Problem » Only the lines from the one containing "AI漫剧制作教程 - 2026年零基础快速入门,从剧本到成片 | 一人创业网" to the end of the data below belong in the answer, each repeated exactly; no pictures.

Data excerpt »

= = = = = = =

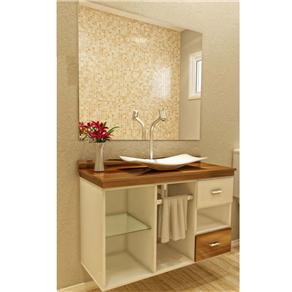 Gabinete para Banheiro Vtec Orion com Cuba e Espelho 57 X 80 X 40 Cm - Branco/Laca Palissandro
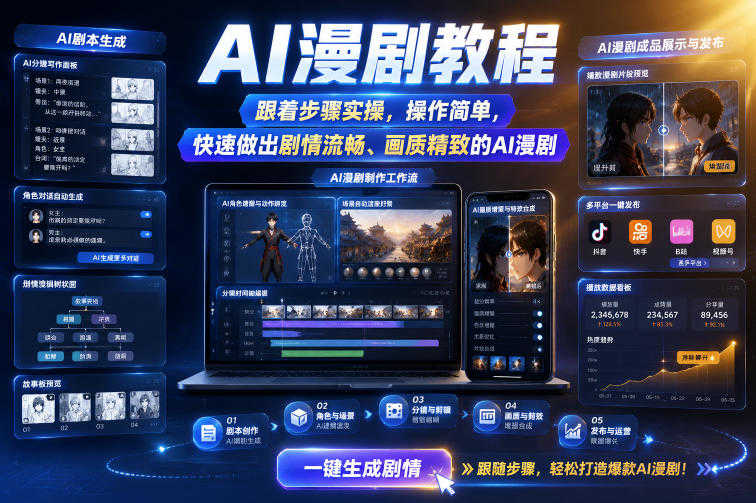 AI漫剧制作教程 - 2026年零基础快速入门,从剧本到成片 | 一人创业网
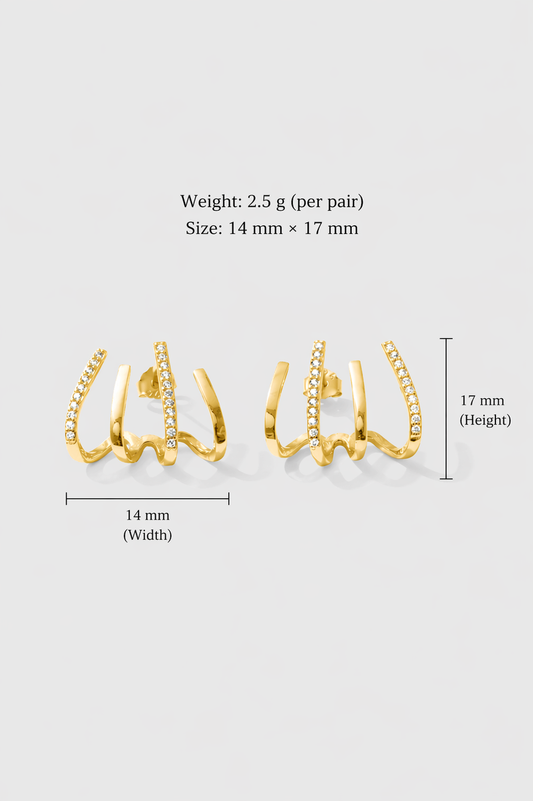 Athena Ohrringe Gold – 925er Silber, 18K Vergoldet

= = = = = = =

Answer for the task »
 AI漫剧制作教程 - 2026年零基础快速入门,从剧本到成片 | 一人创业网
 Athena Ohrringe Gold – 925er Silber, 18K Vergoldet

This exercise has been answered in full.